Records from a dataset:
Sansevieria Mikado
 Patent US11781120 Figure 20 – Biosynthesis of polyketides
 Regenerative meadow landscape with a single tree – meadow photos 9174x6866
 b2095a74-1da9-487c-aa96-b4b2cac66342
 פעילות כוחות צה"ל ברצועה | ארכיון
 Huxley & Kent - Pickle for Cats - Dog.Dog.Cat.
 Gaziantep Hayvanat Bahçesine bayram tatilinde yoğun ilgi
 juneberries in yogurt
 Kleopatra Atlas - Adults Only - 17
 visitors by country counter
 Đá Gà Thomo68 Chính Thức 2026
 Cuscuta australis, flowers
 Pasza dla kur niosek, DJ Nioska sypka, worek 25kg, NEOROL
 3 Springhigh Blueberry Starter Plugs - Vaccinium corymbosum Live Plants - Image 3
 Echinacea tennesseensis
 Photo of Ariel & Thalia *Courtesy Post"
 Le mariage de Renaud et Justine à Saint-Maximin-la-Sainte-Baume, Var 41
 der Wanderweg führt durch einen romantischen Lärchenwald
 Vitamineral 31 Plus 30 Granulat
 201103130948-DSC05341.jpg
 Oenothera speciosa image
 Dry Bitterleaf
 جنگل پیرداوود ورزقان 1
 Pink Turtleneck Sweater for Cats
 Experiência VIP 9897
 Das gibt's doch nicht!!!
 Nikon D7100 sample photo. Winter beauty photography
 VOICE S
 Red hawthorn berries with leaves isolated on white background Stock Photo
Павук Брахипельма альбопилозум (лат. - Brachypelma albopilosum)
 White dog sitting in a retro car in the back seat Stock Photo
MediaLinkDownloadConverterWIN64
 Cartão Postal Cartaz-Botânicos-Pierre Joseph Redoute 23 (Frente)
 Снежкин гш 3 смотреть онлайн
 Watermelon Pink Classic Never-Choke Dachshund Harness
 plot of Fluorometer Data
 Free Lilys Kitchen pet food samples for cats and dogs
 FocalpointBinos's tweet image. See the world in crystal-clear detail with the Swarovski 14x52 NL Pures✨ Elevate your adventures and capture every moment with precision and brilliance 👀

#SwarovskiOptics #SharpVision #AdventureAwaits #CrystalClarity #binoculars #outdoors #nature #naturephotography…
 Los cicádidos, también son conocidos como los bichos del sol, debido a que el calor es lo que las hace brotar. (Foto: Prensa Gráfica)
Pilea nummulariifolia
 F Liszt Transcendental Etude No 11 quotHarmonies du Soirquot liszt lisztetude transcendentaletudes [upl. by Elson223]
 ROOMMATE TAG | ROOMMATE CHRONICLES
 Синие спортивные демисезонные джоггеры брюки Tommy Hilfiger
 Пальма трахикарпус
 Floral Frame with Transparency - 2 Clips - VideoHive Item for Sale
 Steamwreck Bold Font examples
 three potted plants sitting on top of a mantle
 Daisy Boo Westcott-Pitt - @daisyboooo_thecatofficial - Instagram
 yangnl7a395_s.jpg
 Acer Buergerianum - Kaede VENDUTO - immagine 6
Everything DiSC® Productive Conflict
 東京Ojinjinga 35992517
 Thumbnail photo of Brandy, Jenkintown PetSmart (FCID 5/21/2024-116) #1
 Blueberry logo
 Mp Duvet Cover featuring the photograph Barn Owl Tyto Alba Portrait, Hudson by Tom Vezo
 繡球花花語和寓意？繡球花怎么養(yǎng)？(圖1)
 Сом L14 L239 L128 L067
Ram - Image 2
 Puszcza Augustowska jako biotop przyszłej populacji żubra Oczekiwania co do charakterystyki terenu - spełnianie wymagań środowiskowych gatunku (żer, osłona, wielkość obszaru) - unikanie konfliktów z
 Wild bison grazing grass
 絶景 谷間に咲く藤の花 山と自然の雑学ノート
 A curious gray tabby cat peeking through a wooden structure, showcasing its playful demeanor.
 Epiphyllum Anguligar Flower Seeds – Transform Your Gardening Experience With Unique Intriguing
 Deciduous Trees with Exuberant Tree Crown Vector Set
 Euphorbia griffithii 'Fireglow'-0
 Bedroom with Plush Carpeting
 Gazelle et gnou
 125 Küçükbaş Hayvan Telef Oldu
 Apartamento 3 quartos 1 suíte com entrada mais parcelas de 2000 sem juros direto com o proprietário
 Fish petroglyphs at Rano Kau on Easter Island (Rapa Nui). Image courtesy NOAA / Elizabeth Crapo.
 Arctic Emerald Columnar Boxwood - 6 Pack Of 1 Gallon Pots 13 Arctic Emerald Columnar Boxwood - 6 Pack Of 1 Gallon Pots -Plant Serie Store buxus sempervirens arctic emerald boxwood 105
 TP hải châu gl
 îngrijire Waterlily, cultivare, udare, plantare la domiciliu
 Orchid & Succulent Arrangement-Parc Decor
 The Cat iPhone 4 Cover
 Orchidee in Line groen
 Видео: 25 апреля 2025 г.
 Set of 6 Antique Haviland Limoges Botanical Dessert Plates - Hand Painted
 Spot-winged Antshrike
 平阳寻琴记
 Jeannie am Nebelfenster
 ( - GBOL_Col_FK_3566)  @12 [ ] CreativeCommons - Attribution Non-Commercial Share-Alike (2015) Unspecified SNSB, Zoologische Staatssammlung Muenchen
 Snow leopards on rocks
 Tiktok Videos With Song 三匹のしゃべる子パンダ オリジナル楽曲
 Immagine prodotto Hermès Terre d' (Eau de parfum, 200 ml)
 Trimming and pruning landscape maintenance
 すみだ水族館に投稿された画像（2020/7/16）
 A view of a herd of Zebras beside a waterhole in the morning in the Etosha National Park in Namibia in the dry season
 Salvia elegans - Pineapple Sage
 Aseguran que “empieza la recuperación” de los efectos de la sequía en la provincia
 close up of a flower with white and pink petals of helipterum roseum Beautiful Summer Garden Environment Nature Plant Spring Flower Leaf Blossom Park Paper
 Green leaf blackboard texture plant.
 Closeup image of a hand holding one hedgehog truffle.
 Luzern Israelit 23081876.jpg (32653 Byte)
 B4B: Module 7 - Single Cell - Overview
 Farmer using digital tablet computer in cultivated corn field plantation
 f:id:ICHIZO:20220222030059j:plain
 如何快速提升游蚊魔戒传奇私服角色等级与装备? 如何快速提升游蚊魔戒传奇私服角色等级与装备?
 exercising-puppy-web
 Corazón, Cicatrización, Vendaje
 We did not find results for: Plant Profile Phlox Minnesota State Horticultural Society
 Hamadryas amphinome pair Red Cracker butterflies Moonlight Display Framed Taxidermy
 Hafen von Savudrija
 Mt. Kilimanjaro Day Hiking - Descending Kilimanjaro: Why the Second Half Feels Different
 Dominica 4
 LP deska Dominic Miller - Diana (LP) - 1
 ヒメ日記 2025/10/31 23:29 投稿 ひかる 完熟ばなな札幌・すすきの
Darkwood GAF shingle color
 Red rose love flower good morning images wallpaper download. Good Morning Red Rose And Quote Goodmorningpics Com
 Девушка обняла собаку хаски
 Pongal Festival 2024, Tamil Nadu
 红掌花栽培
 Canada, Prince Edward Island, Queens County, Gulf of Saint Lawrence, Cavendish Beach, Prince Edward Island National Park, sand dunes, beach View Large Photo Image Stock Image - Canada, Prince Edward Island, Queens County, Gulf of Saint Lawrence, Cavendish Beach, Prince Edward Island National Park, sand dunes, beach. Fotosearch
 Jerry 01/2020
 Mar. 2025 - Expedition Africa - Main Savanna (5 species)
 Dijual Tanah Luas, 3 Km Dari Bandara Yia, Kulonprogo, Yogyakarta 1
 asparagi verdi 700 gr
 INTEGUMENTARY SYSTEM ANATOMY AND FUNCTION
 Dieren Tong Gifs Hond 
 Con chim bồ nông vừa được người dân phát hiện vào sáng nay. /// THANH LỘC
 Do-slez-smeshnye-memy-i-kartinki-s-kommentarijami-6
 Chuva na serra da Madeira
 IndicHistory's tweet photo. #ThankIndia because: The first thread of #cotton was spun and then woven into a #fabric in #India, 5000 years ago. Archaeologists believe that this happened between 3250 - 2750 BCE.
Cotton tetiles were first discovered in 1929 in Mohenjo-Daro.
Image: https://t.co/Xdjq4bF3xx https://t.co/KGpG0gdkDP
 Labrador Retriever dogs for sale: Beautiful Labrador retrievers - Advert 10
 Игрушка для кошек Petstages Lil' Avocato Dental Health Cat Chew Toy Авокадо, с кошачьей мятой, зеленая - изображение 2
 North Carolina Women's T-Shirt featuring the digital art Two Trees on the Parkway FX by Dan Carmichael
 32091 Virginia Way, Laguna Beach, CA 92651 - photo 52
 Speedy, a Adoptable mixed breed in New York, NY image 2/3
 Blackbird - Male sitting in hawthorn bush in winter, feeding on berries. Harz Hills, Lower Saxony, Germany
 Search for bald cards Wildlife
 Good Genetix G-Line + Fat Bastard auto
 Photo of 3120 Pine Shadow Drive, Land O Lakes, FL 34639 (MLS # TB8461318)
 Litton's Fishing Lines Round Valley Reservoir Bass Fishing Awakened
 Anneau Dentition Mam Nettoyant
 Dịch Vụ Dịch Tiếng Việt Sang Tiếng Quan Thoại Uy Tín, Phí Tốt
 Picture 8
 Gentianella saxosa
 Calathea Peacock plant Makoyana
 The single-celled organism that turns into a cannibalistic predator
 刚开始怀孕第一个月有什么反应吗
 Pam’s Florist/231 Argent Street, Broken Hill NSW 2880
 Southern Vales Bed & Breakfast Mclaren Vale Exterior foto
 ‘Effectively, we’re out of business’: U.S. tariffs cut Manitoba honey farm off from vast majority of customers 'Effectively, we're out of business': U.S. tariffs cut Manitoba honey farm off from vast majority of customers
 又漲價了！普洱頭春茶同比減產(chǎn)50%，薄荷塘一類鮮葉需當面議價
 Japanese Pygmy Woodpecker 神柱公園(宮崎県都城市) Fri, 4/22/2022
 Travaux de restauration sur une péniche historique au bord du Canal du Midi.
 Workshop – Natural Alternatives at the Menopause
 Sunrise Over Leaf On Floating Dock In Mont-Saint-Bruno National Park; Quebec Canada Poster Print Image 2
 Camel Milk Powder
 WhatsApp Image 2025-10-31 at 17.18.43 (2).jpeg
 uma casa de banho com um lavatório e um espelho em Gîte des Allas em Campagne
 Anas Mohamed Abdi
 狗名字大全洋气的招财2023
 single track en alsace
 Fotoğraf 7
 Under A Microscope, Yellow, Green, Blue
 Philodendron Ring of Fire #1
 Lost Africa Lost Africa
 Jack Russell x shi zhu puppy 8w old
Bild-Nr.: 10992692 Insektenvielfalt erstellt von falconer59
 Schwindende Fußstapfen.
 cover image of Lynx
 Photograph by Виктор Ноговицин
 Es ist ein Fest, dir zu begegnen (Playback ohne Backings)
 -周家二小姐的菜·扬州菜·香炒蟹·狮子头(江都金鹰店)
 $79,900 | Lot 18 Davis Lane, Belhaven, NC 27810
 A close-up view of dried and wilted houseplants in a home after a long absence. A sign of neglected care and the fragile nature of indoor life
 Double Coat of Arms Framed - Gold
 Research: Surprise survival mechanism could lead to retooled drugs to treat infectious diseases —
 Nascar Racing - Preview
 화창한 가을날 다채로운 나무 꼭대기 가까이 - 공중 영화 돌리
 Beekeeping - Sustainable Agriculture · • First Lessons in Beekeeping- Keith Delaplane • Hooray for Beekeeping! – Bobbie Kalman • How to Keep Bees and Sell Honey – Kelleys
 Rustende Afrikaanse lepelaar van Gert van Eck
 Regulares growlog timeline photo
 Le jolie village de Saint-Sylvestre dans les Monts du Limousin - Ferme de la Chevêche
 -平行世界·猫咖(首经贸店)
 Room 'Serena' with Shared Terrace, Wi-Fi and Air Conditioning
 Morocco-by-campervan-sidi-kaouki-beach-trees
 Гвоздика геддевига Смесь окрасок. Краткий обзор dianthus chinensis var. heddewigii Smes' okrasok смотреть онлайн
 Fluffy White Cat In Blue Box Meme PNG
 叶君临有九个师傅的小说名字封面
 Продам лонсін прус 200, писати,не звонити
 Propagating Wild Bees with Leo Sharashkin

**TASK INSTRUCTIONS:** Across the records above, how many lines does the word "Framed" appear on? Reply with the number only.

**RESULT OF THIS TASK:** 2